[Opening RECORDS PROVIDED section]

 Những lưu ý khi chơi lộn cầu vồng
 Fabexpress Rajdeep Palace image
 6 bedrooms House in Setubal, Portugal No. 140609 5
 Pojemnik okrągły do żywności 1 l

[Closing RECORDS PROVIDED section]
[Opening RECORDS PROVIDED section]

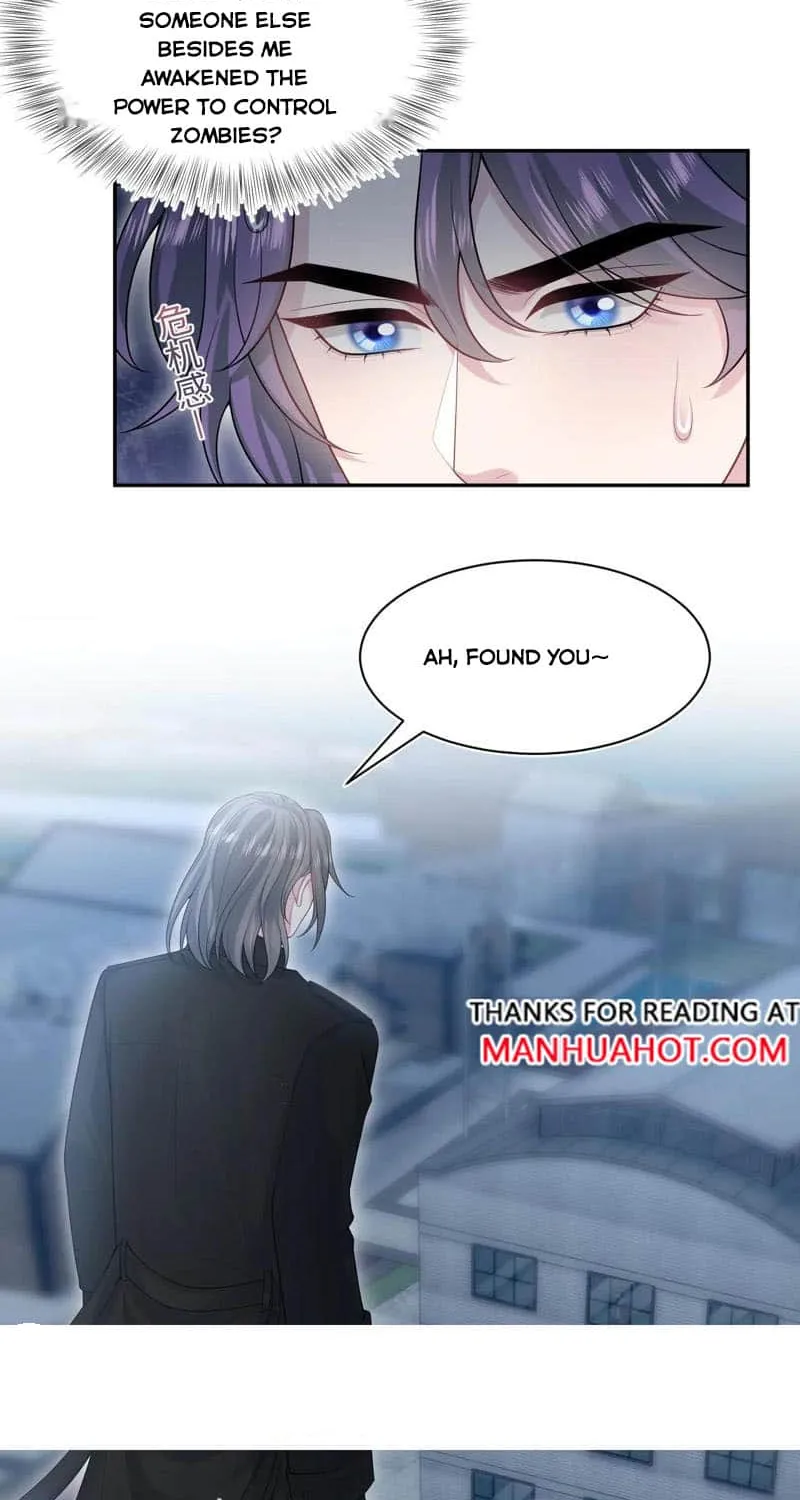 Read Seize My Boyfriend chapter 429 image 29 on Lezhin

[Closing RECORDS PROVIDED section]

ACTION ITEM -
Begin at the line above that has "Những lưu ý khi chơi lộn cầu vồng" and stop after the line that has "Pojemnik okrągły do żywności 1 l", copying each line exactly and adding nothing else.

EXPECTED ANSWER -
 Những lưu ý khi chơi lộn cầu vồng
 Fabexpress Rajdeep Palace image
 6 bedrooms House in Setubal, Portugal No. 140609 5
 Pojemnik okrągły do żywności 1 l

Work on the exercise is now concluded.